His companion nodded, a thoughtful look on his round face. “That makes sense. Is it very rare?”

Draco peered at him, so confused and so very curious. “Yes,” he said cautiously. A Mudblood, but a Parselmouth? How was he supposed to act with this child? Should he deride him, as Father always did any mention of Muggles, or should he revere him in the same honorific tones Father’s dark, brooding friends used when they discussed the long-dead Dark Lord?  

He decided it was better not to look at the other boy, or else the flipping in his stomach might reach seismic proportions. “Has the snake said anything else to you?”

“She likes your hair,” the boy noted.

Draco preened, a gratified smile twisting his lips. “I have excellent hair. My whole family does.” 

“I saw it outside in the Alley,” said the boy shyly. “Your hair. It’s so bright, it caught my attention. That's why I walked over.” 

“Can I help you boys?” the witch at the counter asked, leaning over. Draco, relieved to be distracted, raced over to her. 

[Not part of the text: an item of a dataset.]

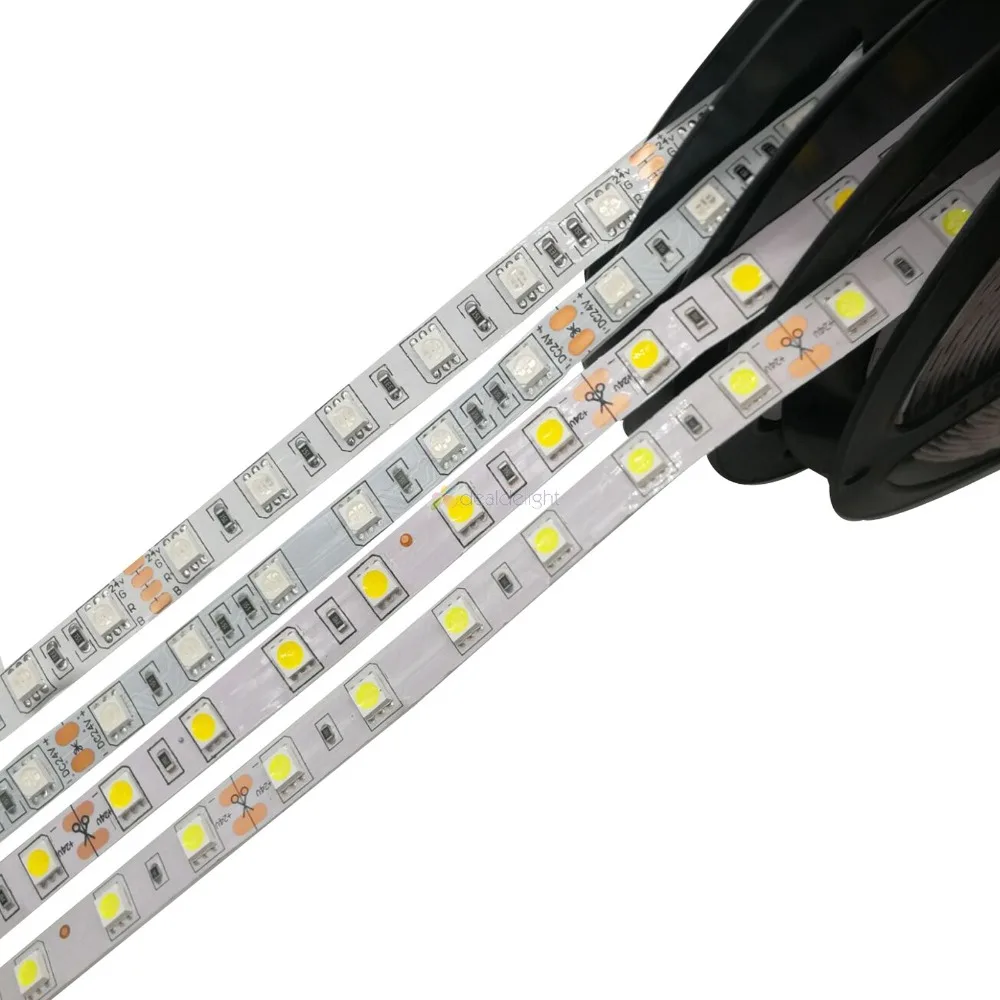 24V 5050 SMD светодиодный 60 Светодиодный s/m 5 м/лот, IP20/IP65/IP67 водонепроницаемый гибкий светодиодный светильник, белый теплый белый RGB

“I’d like that cat,” he said, gesturing to the bottom cage in the corner. “The black one, with blue eyes.” 

“That’s not a cat,” the witch replied as Harry came to stand by Draco’s side. “She’s a Matagot.” Draco gasped and clasped his fists beneath his chin, so excited he couldn’t help but bounce on his heels. “I want her even more now!” 

The other boy’s owlish eyes searched Draco’s, rather than turning to the witch by the counter, who presumably could have shared more detailed and accurate knowledge with him. Never bother: Draco was happy to show off yet another thing he knew. “A Matagot is a type of feline,” Draco explained, “that can shape shift. Usually, they look like ordinary black cats, but if they’re threatened, they can become the size and shape of a panther. They can also multiply, though they don’t need to be threatened to do that. I read about them in a book my Aunt Andy gave me last year for my birthday.” 

“Wow,” the boy said, the lights of the menagerie reflected in his broken glasses. 

“Her name’s Melinoe,” the witch told them, spelling the cage out of the corner. 

“She’s so perfect,” Draco enthused. “Can I hold her?” 

The witch shrugged. “That’s up to her. Shall I let her out?” 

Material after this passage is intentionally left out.